I've written numerous novels since 2001, but this is the first big romance and so very different from everything else I've written. It's a love story, written in the first person and there is no suspense [as in danger and violence]. It is out today in print form and e-book and already I've received this wonderful review from Judith Pittman:

This Affair will grab hold of you from page one and you won't be able to close the book until you've read the very last page. Make sure you start it on a day when you've time to forget everything else you're supposed to get done. 
#Amazon

 

14. mai, 2018

This is a story inspired by an old house in the town where I was born. A small mining town called Felling, once in County Durham, now in Tyne & Wear, north-east England. My heroine, Rosa, is born into poverty in the early 1900’s where she has to deal with her alcoholic, amoral mother and look after her crippled brother and two younger siblings. She bears no resemblance to the rest of her family and rumours abound regarding her biological father. Was he the son of the rich Italian family who once owned the house that became an obsession with Rosa, together with the young man who now owns it. There is no hope of this handsome young man ever falling in love with the beautiful girl  from the wrong side of the tracks.

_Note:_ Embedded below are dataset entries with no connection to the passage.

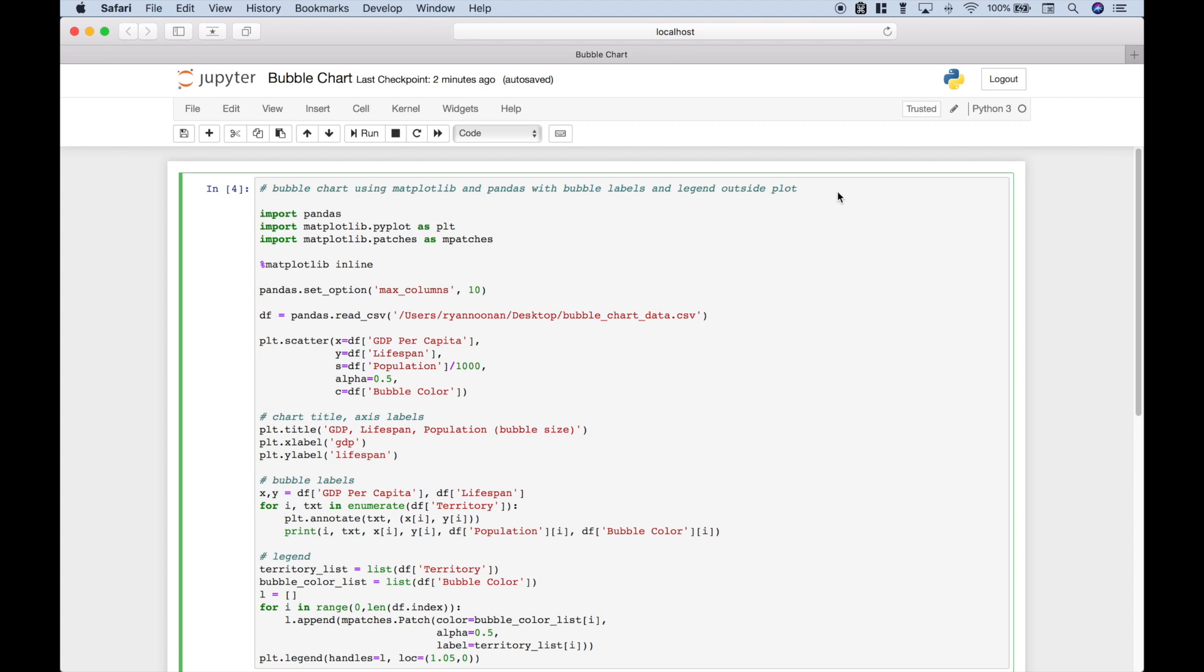Hello, everybody. In this Python tutorial, we're going to go over how to create a bubble chart with labels for the bubbles.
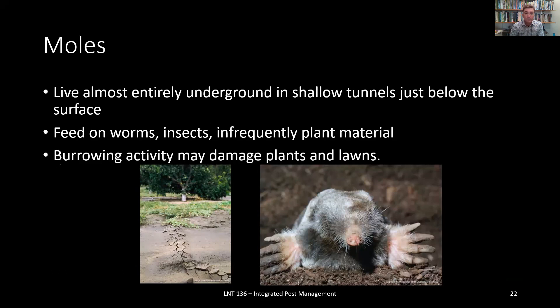Finally, moles live almost entirely underground in shallow tunnels just below the surface. A mole is technically not even a rodent, and is very rarely a problem — it won't really eat your plant material. Moles primarily feed on worms and insects. The only time a mole might be an issue is if their burrow itself damages the lawn or plant material. In an urban setting they're rarely an issue, but in more open wild spaces you may have mole tunnels snaking right under the surface and becoming problematic. Normally you don't do anything to deal with moles, but if you really needed to, control is allowed. It's important to know the difference between a mole and a pocket gopher — pocket gopher on top, mole on the bottom.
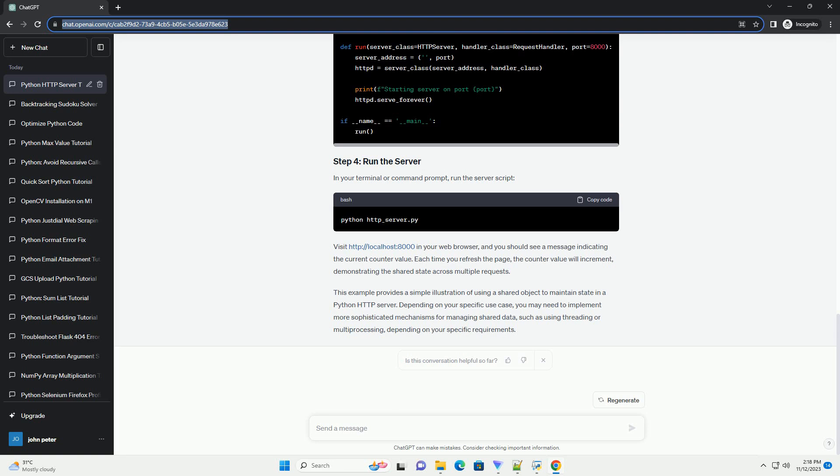Visit http://localhost:8000 in your web browser, and you should see a message indicating the current counter value.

But Rosa continues to dream. She dreams of Richard through a violent rape by her mother’s lodger. She dreams of Richard while giving her affections to the travelling salesman who eventually becomes the father of her illegitimate child – a child that was taken from her the day it was born. But Rosa refuses to give up and finding the child, she becomes its nanny, only to discover that the adoptive father is, ironically, her daughter’s biological father. Another affair develops, then disaster strikes when the family are lost at sea. Rosa, strong-willed, finds a way to survive, fighting everything that fate throws at her through two world wars finally realising two dreams that have haunted her all her life – to live in Orchard House and win the love of Richard…

So how come this was the novel that almost never was published? I wrote the original version more than twenty years ago. It was accepted with enthusiasm by two important agents. The first asked me to shorten it by 30,000 words, which I did with great difficulty, but his ‘reader’ then said ‘no’. The second agent asked me to lengthen it by 20,000 words and I faithfully did the work, but his publisher said: “If I had seen this book three years ago I would have accepted it, but now it’s out of vogue.” I had been trying to market the novel for twenty years or more without any success.

The I heard of Books We Love, Canadian publishers who only accepted writers who were already published. By then I had 26 titles in print. My husband, who had never lost faith in ‘Where The Wind Blows’, which we fondly referred to as ‘Rosa’, the title we finally agreed on, persuaded me to get the book off the shelf, revise it and send it off. I did and it was the fourth rendering of the novel that sailed off to Canada and was accepted with the editor’s one-word review coming back to me: “Wonderful!”

I am now waiting for another book to appear – my first real romance – ‘THIS AFFAIR’ – due to be published in June 2018 and am at present working on a romantic suspense about a dysfunctional family during the First World War – ‘FORBIDDEN’. 

But it will always be ‘Rosa’ that will be closest to my heart…until another dream book is realised – and I have plenty of those to work on.